İmam Hatip Liselerini sürdürürken gerçek talebi dikkate alacaklarını dile getiren Babacan, sözlerine şu şekilde devam etti:
“Bazen görüyorum, sağda solda ‘Yok şu okul kapatılsın, yok bu kapatılsın’ gibi lafları çok görüyoruz. Açık açık konuşalım: ‘İmam Hatip Liseleri Kapatılsın’ diye alttan alta propaganda olduğunu duyuyoruz. Burada durun bakalım. Kapatmak yok. İmam Hatip Liselerini ‘zorunlu adres’ haline getiren uygulamalara son vereceğiz. Önce Fen, Anadolu, Mesleki Teknik ve İmam Hatip Liselerinin okullaşma oranlarını tespit edeceğiz. Bu okullara ulaşma sorunu olan velilerimizin güçlüklerini çözmek için yardımcı olacağız. İhtiyaç analizi yapacağız. Buna göre de ne gerekiyorsa yapacağız. Esas ne? Özgürlük. Vatandaşlarımıza seçenekler sunmak.”
Eğitim harcamaları için kart çıkarılacak
Babacan, Eğitim Destek Banka Kartı çıkaracaklarına belirterek, “Maddi ihtiyacı olan öğrencilerimizin eğitim harcamalarını bu kartla yapmasını sağlayacağız. Öğrencimiz yetişkin olana kadar da bu kartı sadece eğitim harcamaları için velisi kullanabilecek.” dedi.
“YÖK’ü kaldıracağız”
İktidara gelmeleri durumunda YÖK’ü kaldıracaklarını söyleyen Babacan, “Bilim, sanat, fikir, teknoloji üretiminin özgürlükle beraber geleceğini çok iyi biliyoruz. Ne zaman ki üniversiteler baskı altına alındı, ilk 500’de üniversitemiz kalmadı.” şeklinde konuştu.

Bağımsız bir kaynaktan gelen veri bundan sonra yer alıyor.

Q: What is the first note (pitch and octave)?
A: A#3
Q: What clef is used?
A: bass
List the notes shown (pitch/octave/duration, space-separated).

“Cumhurbaşkanı adayımız katılımcı anlayışla çalışacak”
Babacan, Cumhur İttifakı temsilcilerinin altılı masanın cumhurbaşkanı adayına ilişkin sözleri üzerine gelen bir soruya şu yanıtı verdi:
“İktidar tarafında bütün yetkilerin bir kişide toplanmasıyla ilgili perspektif var. Biz taraflı partili cumhurbaşkanının aklına her geleni yaptığı sistemden parlamenter sisteme geçmek istiyoruz. Onlar, ‘Bizim kralımız var. Sizin kralınız kim olacak?’ diyorlar. Halbuki cumhurbaşkanı adayımız seçildiğinde kral falan olmayacak; katılımcı bir anlayışla, istişareyle çalışacak. Önerimizi anlamaları için demokrat zihniyet gerekiyor. Biz krallık değil demokrasi diyoruz.”

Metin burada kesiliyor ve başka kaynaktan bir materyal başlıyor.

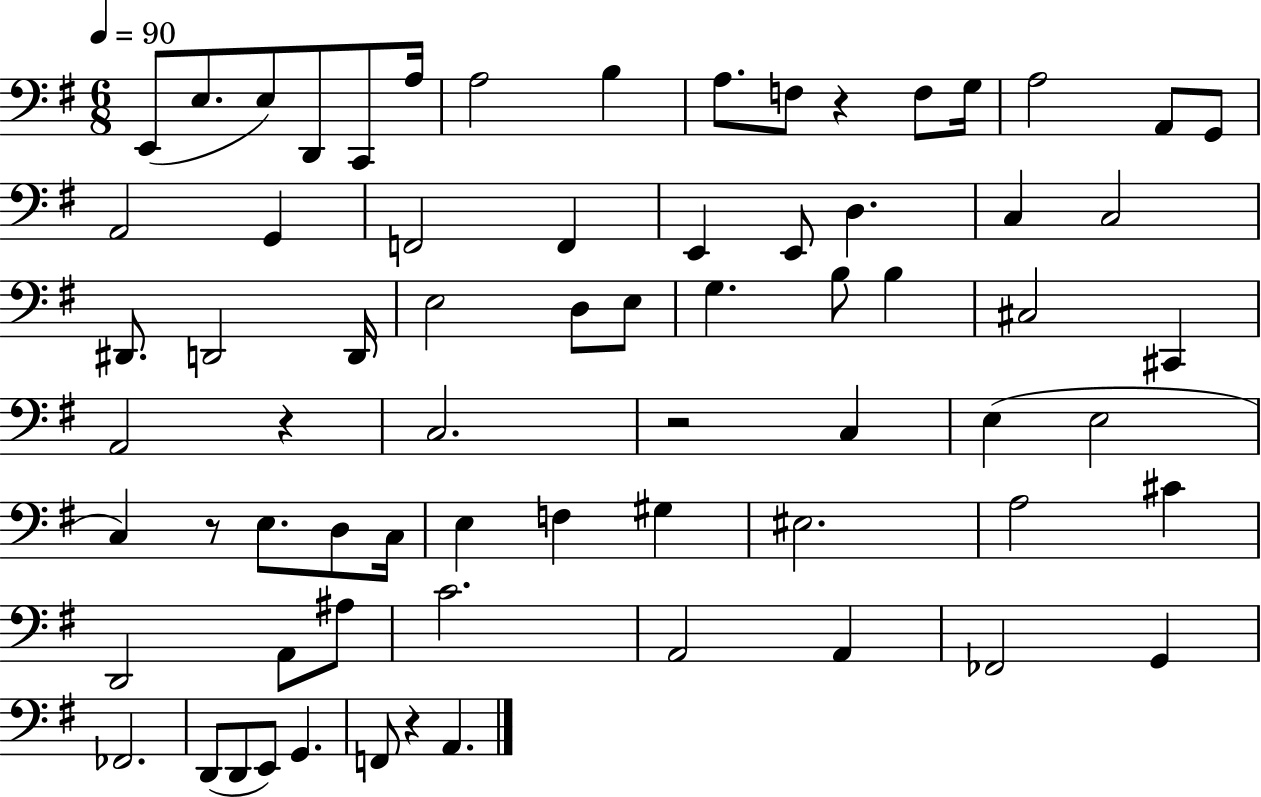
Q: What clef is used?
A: bass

“Göreceksiniz; iktidar tarafından dahi adayımıza destek olacak”
HDP’nin aday çıkarma kararına ilişkin konuşan Babacan, “HDP’yle diyalogu olan siyasi partiler var. Bizim de var. Bu, diyalog çerçevesinde bugüne kadar gündeme gelen bir konu olmadı. Bundan sonraki süreçte gündeme gelmeyeceği anlamına da gelmez. Sadece HDP bağlamında söylemiyorum; ortak cumhurbaşkanı adayımıza hem iktidar tarafından hem tabii ki altılı masadan hem de diğer partilerden destek almayı çok arzu ederiz. Göreceksiniz; iktidar tarafından dahi adayımıza destek olacaktır. Diğer tüm partilerin desteğini almayı da çok arzu ederiz.” ifadelerini kullandı.
“Alkollü içecek tarafındaki vergilerin ölçüsü kaçmış durumda”
Babacan, sigara ve alkollü içecek verilerine ilişkin, “Türkiye’de sigara ve alkollü içecekler üzerindeki vergilendirmede denge tamamen bozuldu. Alkollü içeceklerdeki vergi caydırıcılık seviyesini geçti, tam tersine kaçak alkollü içecek üretiminin önünü açtı. Bu ciddi sağlık sorunlarına oluşturmaya başladı. Sigara tarafındaki vergiler gelişmiş ülkeler gibi olması gereken noktada iken, alkollü içecek tarafındaki vergilerin ölçüsü kaçmış durumda. Yaşam tarzına müdahale kokusu olmaması lazım.” değerlendirmesini yaptı.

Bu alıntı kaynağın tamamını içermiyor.